- **WHAT THE TASK ASKS**
From the very first line of the data to the line containing "Monster Jam Boys'", retype everything exactly, leaving the pictures behind.

- **PROVIDED ENTRIES**

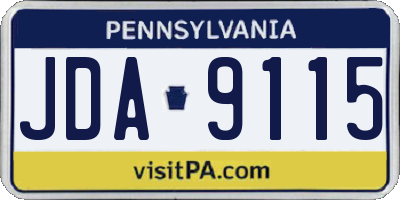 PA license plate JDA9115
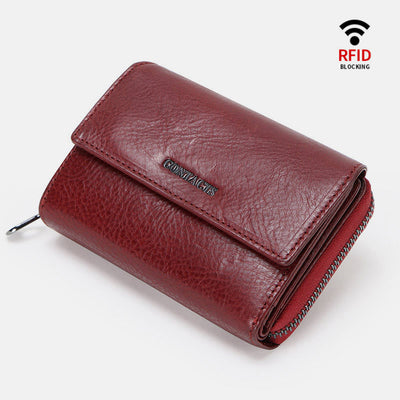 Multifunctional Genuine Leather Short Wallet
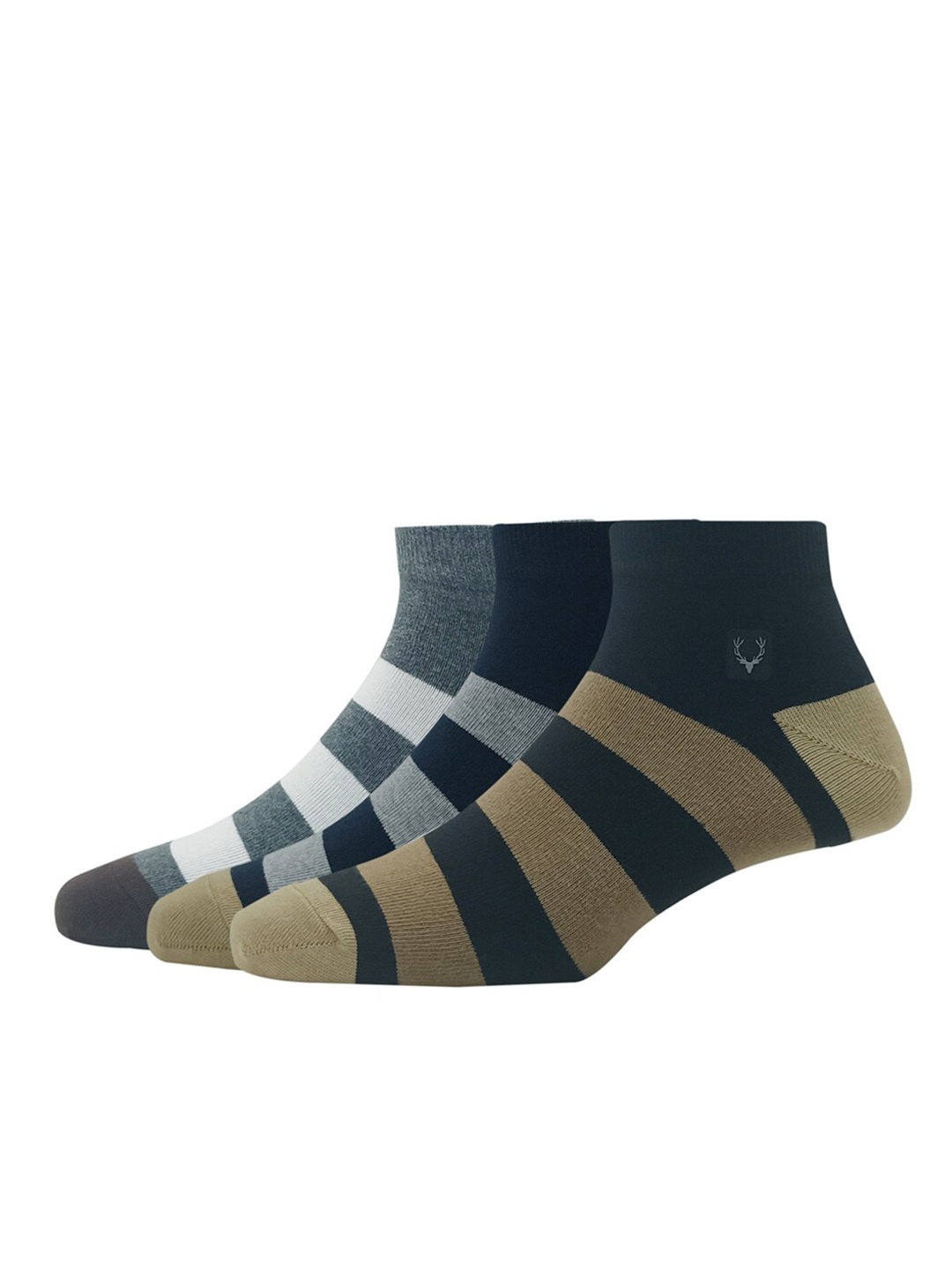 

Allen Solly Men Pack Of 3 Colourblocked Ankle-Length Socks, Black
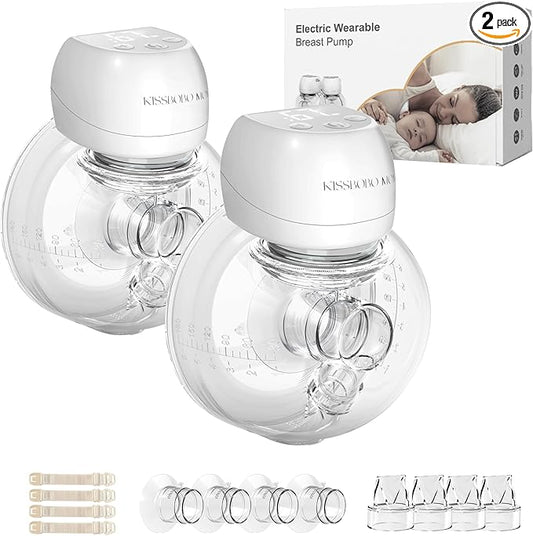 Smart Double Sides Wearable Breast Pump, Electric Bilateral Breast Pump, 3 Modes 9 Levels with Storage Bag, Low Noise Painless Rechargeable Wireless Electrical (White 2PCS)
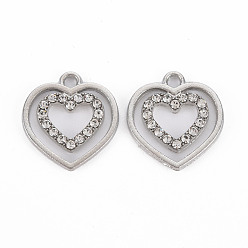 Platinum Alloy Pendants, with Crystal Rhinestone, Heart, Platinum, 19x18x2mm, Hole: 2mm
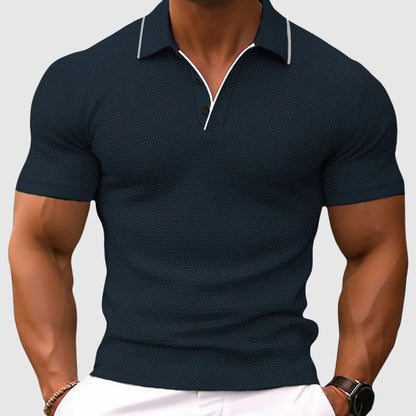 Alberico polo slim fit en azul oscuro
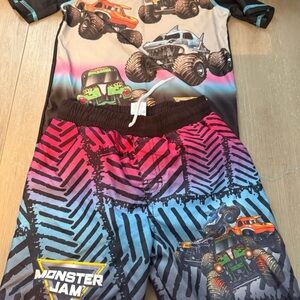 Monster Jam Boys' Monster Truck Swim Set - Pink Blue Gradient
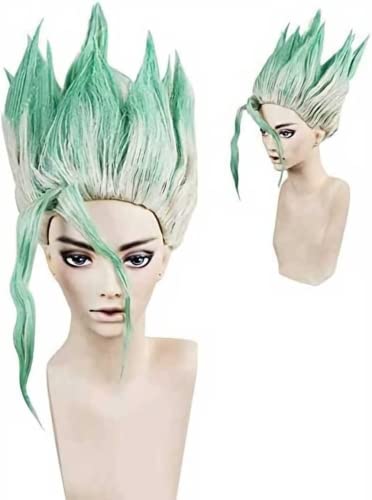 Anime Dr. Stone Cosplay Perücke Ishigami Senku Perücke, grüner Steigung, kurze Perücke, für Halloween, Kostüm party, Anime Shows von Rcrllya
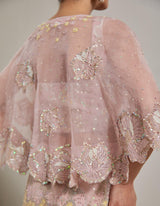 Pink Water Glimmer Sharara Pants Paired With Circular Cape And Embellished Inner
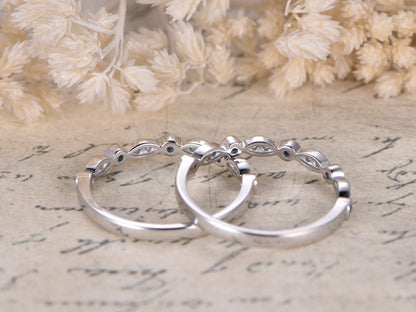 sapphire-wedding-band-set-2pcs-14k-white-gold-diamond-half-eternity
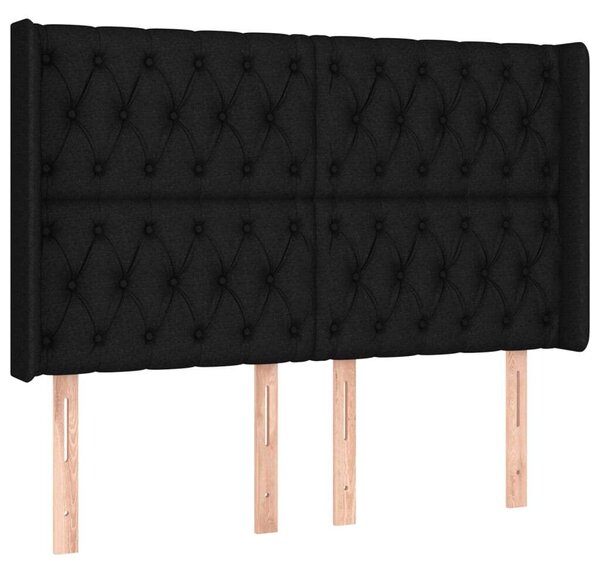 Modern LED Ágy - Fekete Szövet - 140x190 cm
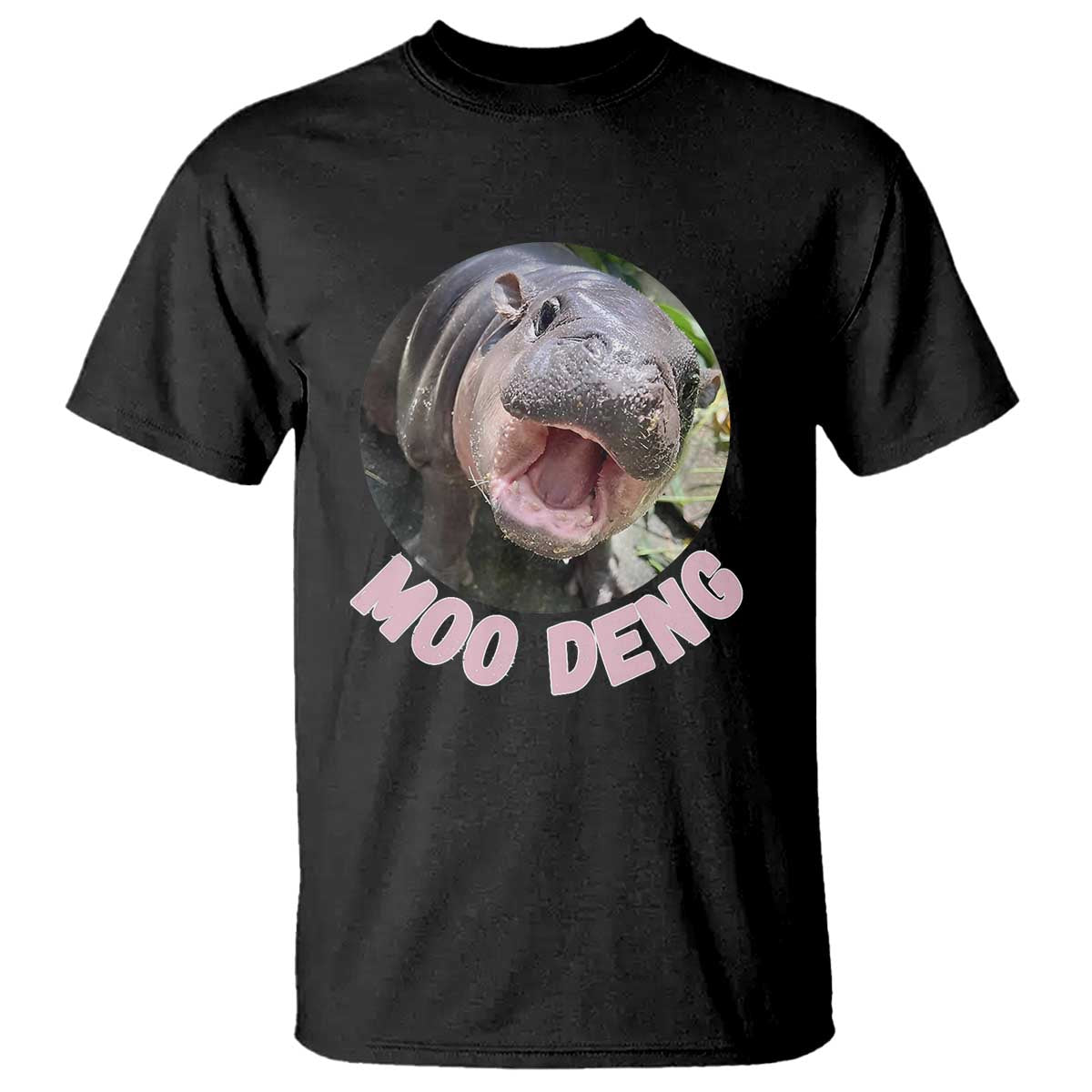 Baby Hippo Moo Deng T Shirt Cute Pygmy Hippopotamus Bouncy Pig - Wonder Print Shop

- **WRITTEN RESPONSE**
 PA license plate JDA9115
 Multifunctional Genuine Leather Short Wallet

Allen Solly Men Pack Of 3 Colourblocked Ankle-Length Socks, Black
 Smart Double Sides Wearable Breast Pump, Electric Bilateral Breast Pump, 3 Modes 9 Levels with Storage Bag, Low Noise Painless Rechargeable Wireless Electrical (White 2PCS)
 Platinum Alloy Pendants, with Crystal Rhinestone, Heart, Platinum, 19x18x2mm, Hole: 2mm
 Alberico polo slim fit en azul oscuro
 Monster Jam Boys' Monster Truck Swim Set - Pink Blue Gradient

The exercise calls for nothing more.